On Fri, Oct 31, 2003 at 07:51:55AM -0700, Jonathan Corbet wrote:
> > One way to buy back performance would be to make templates return
> > TemplateIO objects rather than strings or htmltext objects.
>
> I'm not sure I understand how this would work. Is the idea that literal
> strings would become strings again, and the TemplateIO object, somehow,
> tracks whether each component string is "clean" or not?
No. The current TemplateIO is a mutable character buffer. htmltext
data gets copied into it. At the end of the template a new htmltext
object gets created from the data. So, for each template, data is
copied in and out of the TemplateIO buffer (at least for the C
implementation).
I'm proposing that the TemplateIO object reference htmltext objects
rather than coping the data. Templates would return TemplateIO
objects rather than htmltext. I don't know if I'm explaining it
very well.
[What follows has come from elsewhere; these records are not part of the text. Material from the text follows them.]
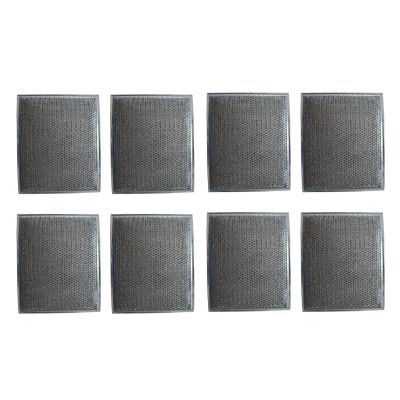 Duraflow Filtration Replacement Aluminum Filter for Many Broan / Nutone Models (8 Pack)
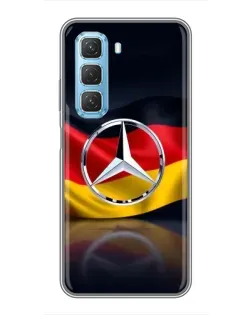 Чехол для Infinix Hot 50 5G с картинкой «Mercedes — флаг Германии»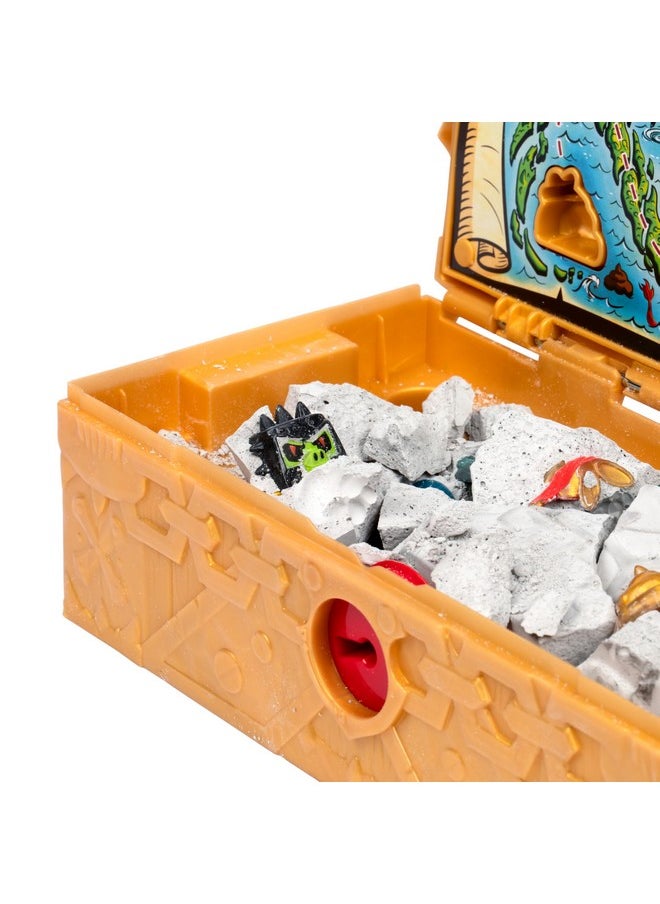 Treasure X Treasure X Lost Lands Dragon's Realm Mystery Treasure Chest | Unlock the chest & reveal 25+ surprises! Smash the Dragon Block, Solve the Puzzle, & Insert the Dragon Eye to reveal the Ultimate Surprise  - Image 3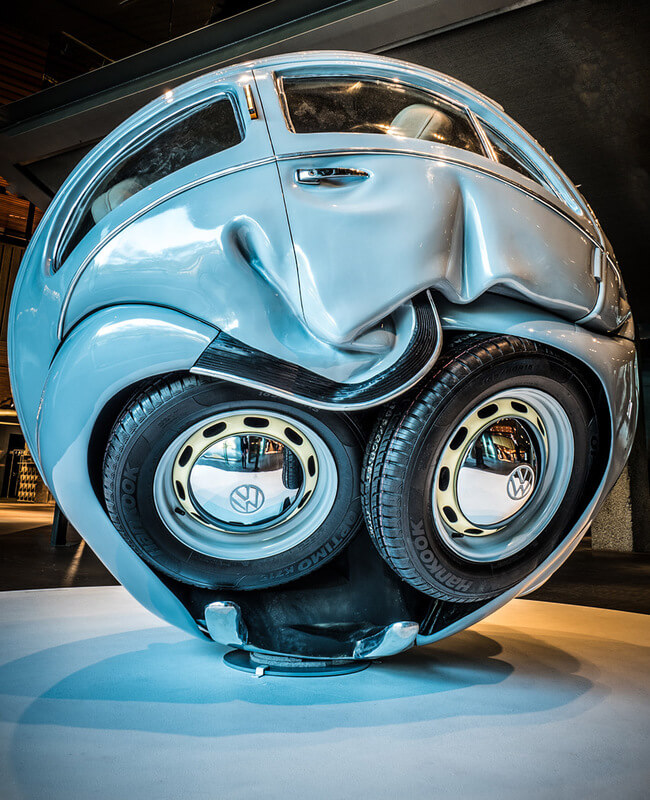 Cars Compressed into Perfect Spheres 1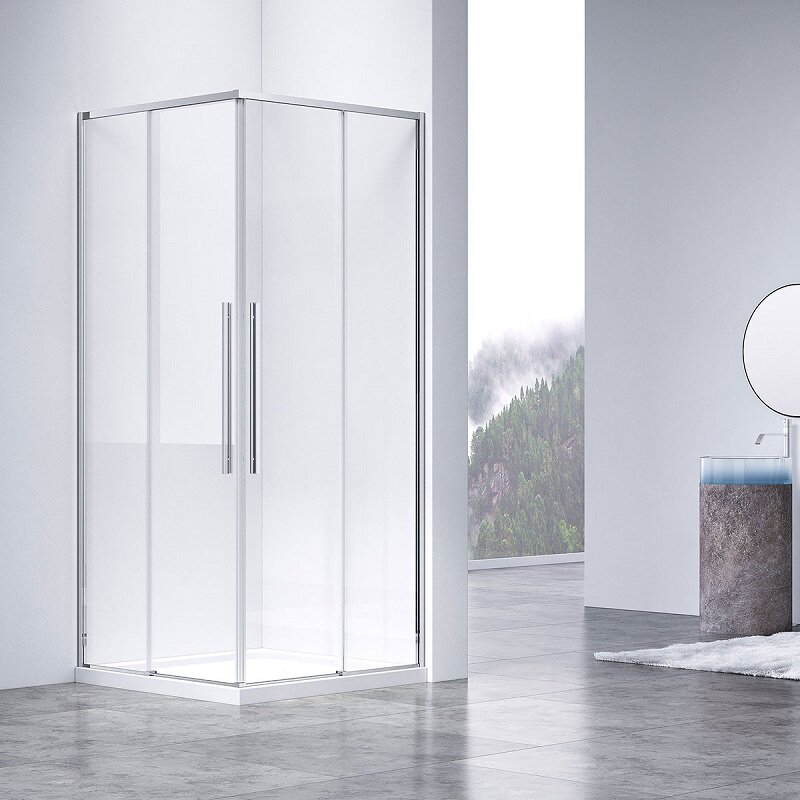 Изображение товара Душевой уголок Vincea Slim-N 100x90 см прозрачное стекло хром профиль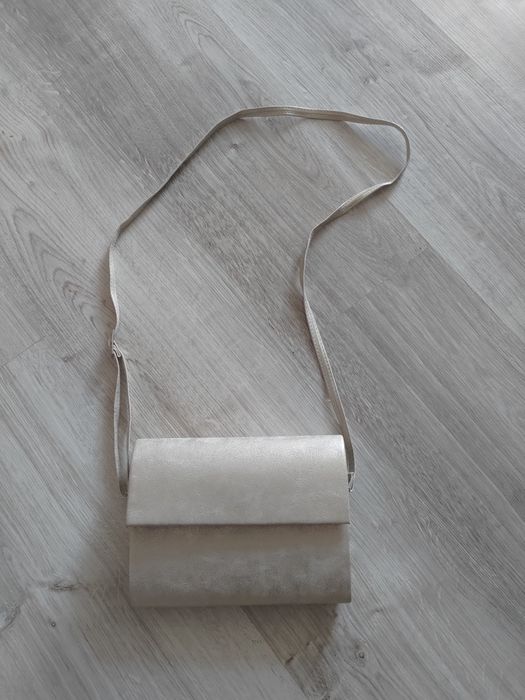 Torebka damska, kopertówka - przecierane złoto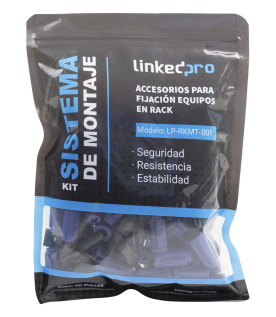 Kit de Montaje Rápido para Equipos en Rack / No más Tuercas Enjauladas / Soporta hasta 50 kg (50 Piezas)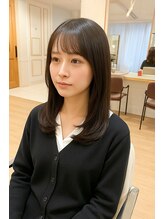 ネオリーブ チロル 横浜西口店(Neolive CiroL.)&nbsp;ミディアムローレイヤー/黒髪/小顔ヘア/ミディアムヘア【横浜】k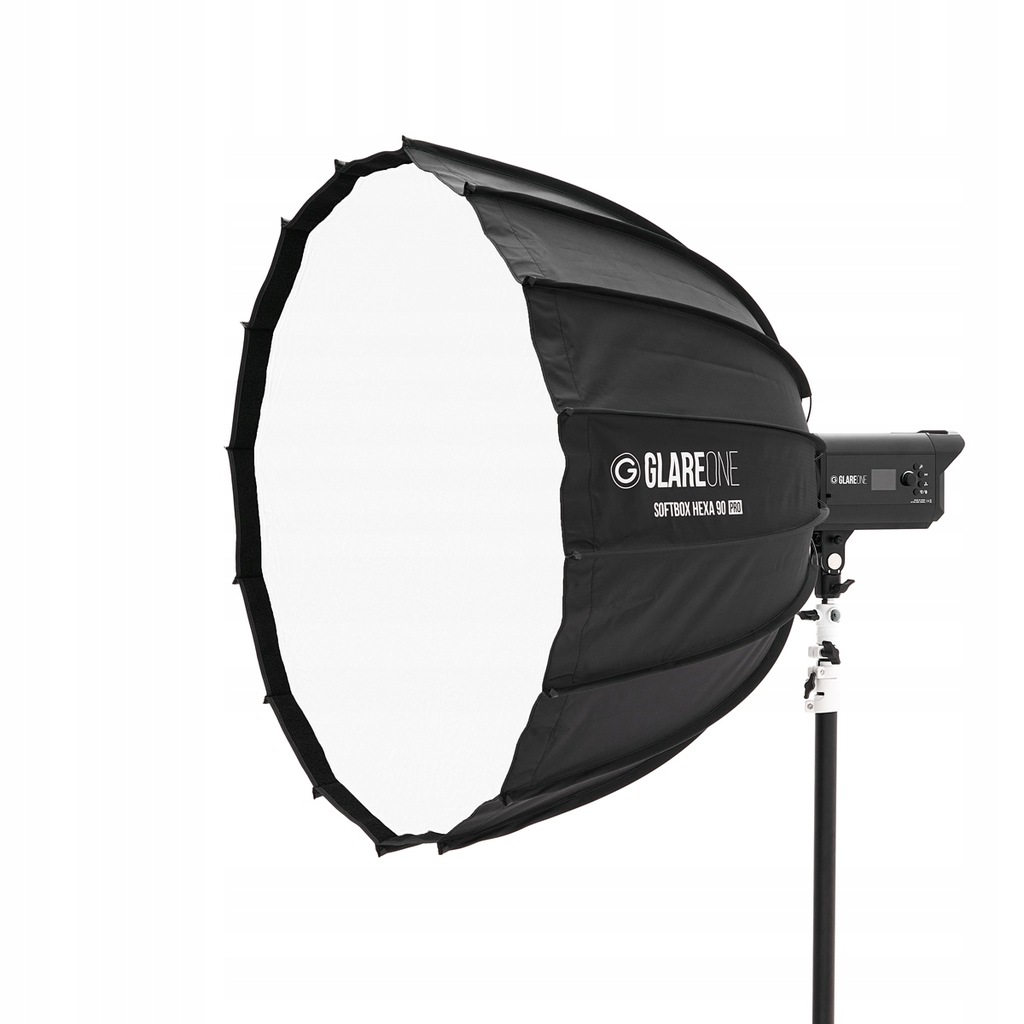 GlareOne Softbox Hexa 90 Pro bowens s systémem rychlého rozkládání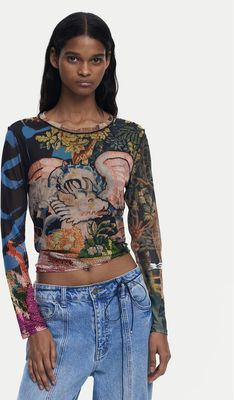 Bluzka damska jesienna Desigual ze sklepu: MODIVO w kategorii: Bluzki damskie - zdjęcie WP-EBWP-BKLVO-LN0_0000305491329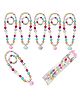 Birthday Popper Aqua Theme Beaded Necklace & Bracelets as Birthday Return Gifts - Set of 6 - Assorted - Young Girls Fashion Jewellery Accessories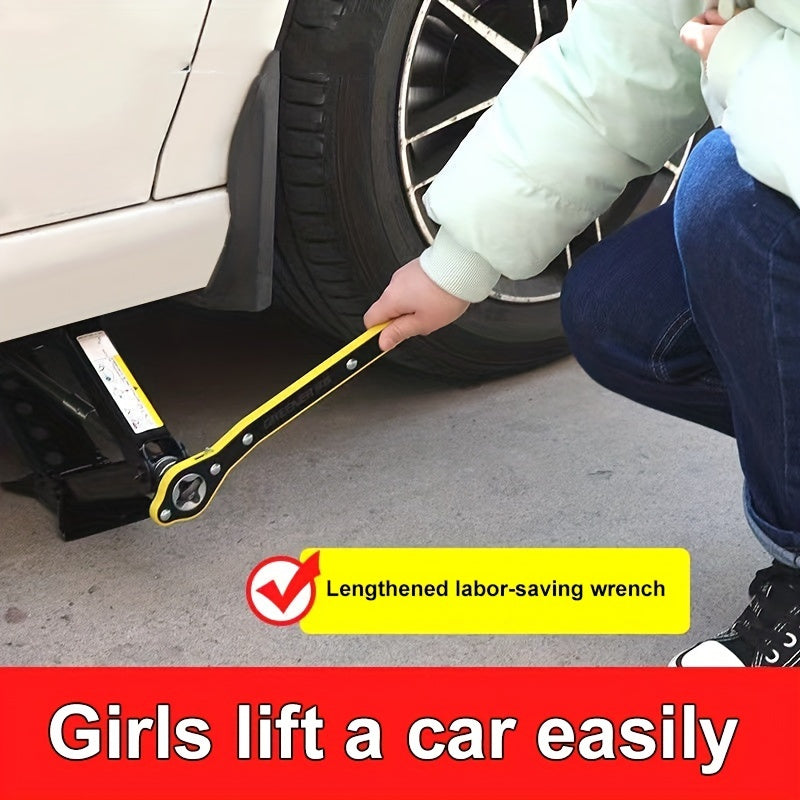 Universal Car Jack Wrench Extended Rocker Labor-Saving Ratchet Tool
Perhaps some code would be clearer:
class TemplateIO:
def __init__(self):
self.data = []
def __iadd__(self, value):
if value is None:
pass
elif isinstance(value, htmltext):
self.data.append(value)
elif isinstance(value, TemplateIO):
self.data.extend(value.data)
else:
self.data.append(htmlescape(value))
def getvalue(self):
return htmltext('').join(self.data)
The important optimization is the part that handles other TemplateIO
objects using extend(). For the C implementation it might be more
efficient to build a tree rather than always flattening it.